#### [Task details]
Output every line below exactly, please, omitting pictures.
Provided entries START
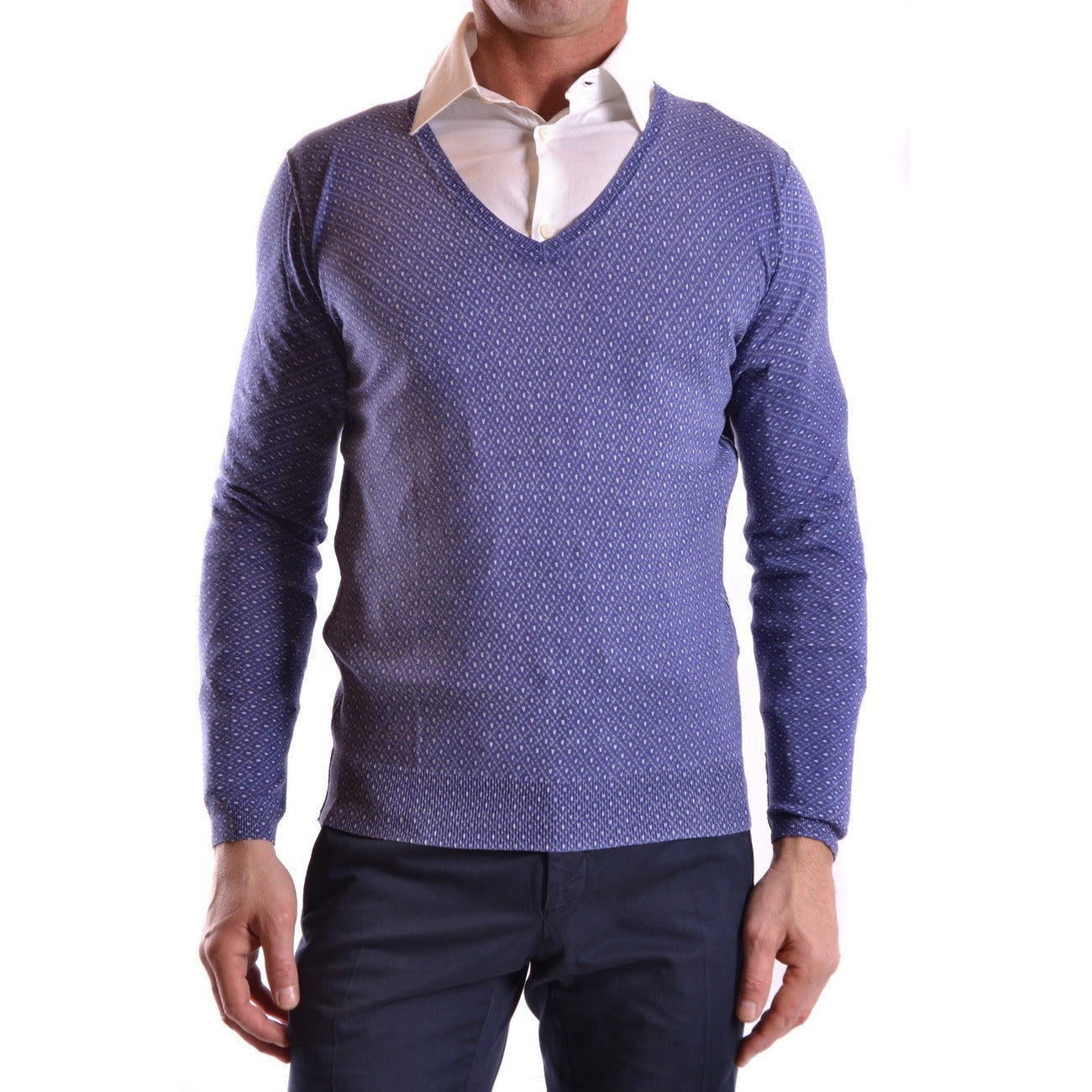 Paolo Pecora Breimode Heren Blauw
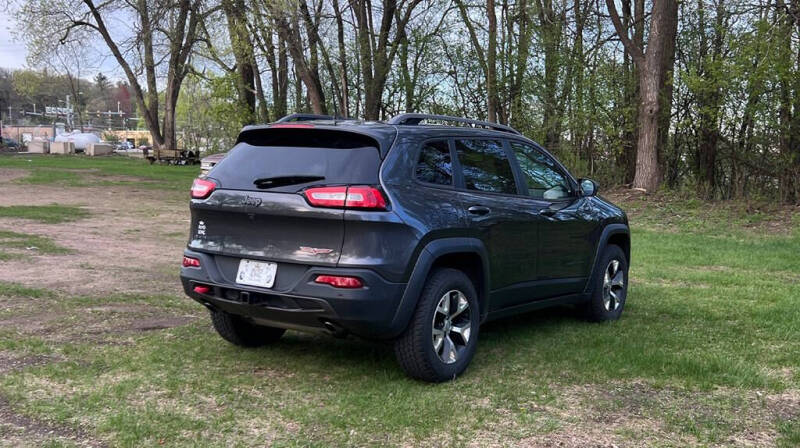 2016 Jeep Cherokee Trailhawk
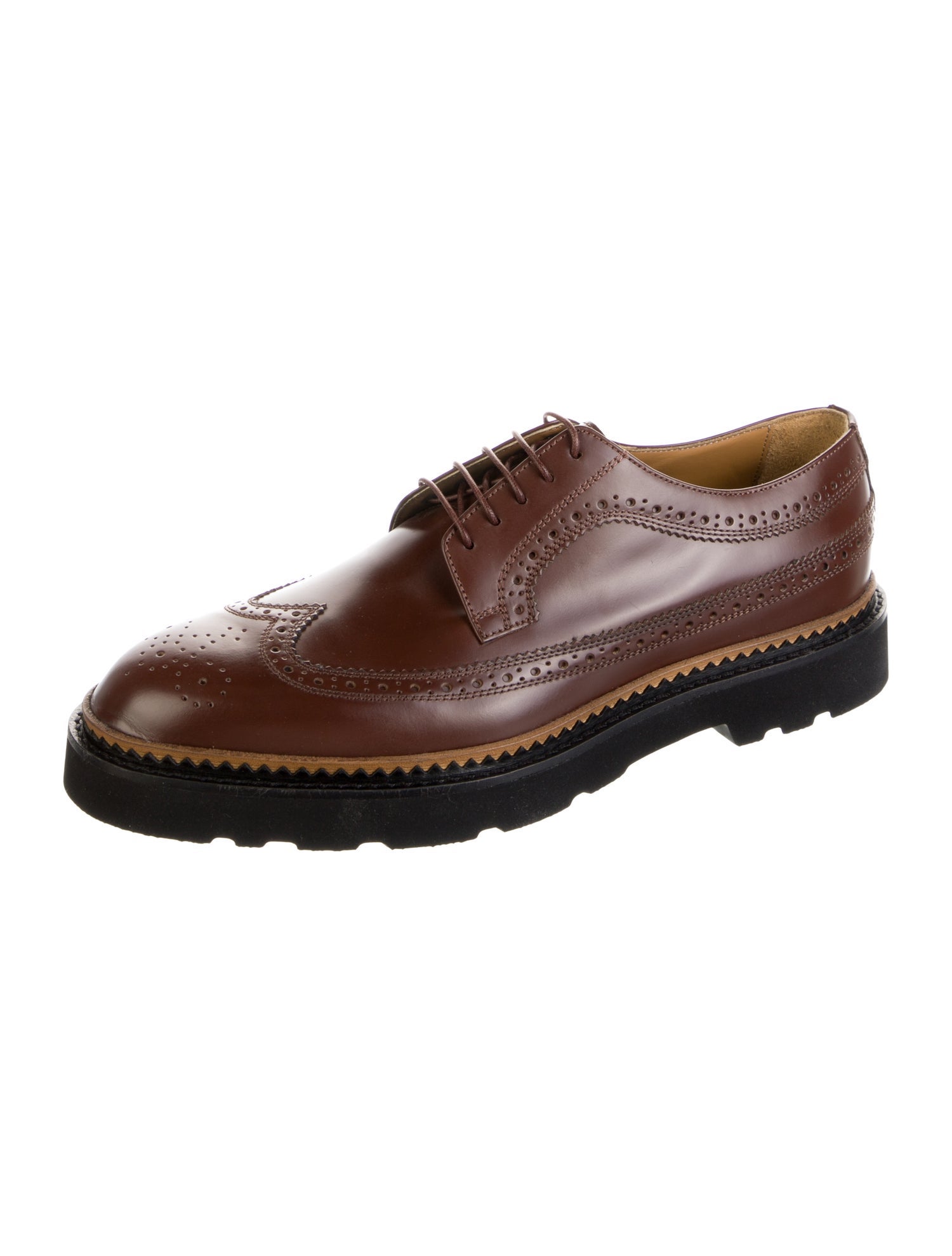 Paul Smith Leather Derby Shoes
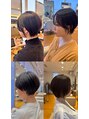 カッツ 東尾道店(CUT S)&nbsp;ショートや、ボブのお客様が多いです♪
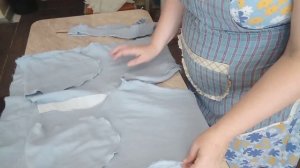 👖🌅♥️ Брюки из муслина. Пошив изделия.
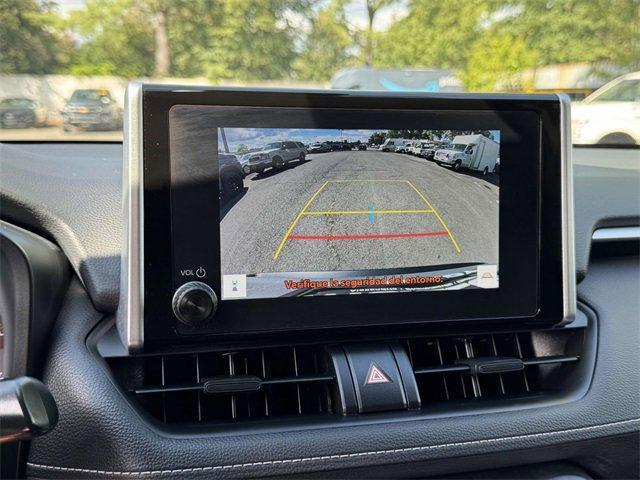 used 2023 Toyota RAV4 car, priced at $26,500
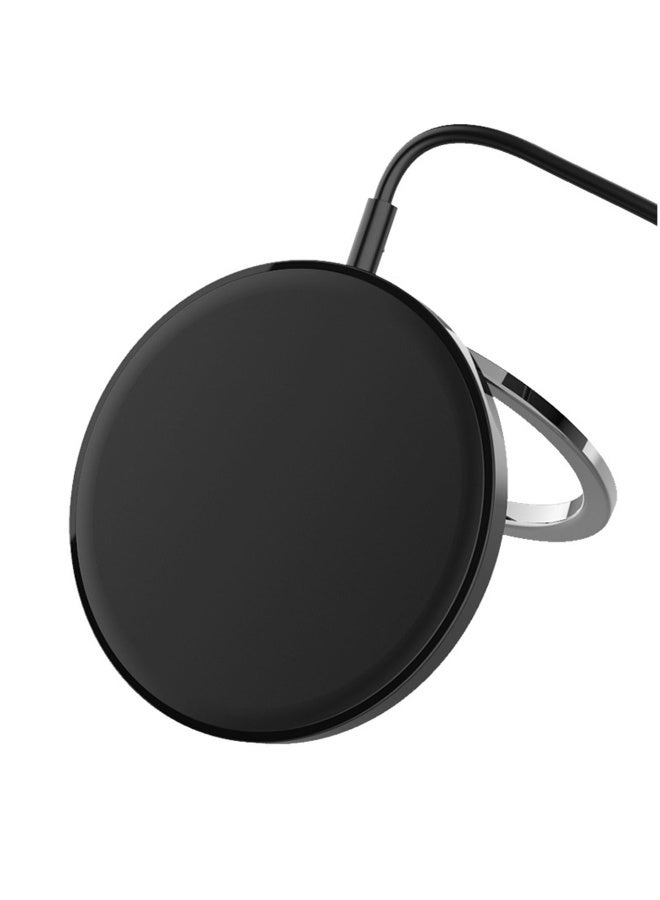 Youque 15W MagSafe Wireless Charger With Phone Holder for Apple iPhone Black - Image 2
Provided entries END
#### [Answer to the problem]
 Paolo Pecora Breimode Heren Blauw
 2016 Jeep Cherokee Trailhawk
 Paul Smith Leather Derby Shoes
 カッツ 東尾道店(CUT S)&nbsp;ショートや、ボブのお客様が多いです♪
 👖🌅♥️ Брюки из муслина. Пошив изделия.
 used 2023 Toyota RAV4 car, priced at $26,500
 Youque 15W MagSafe Wireless Charger With Phone Holder for Apple iPhone Black - Image 2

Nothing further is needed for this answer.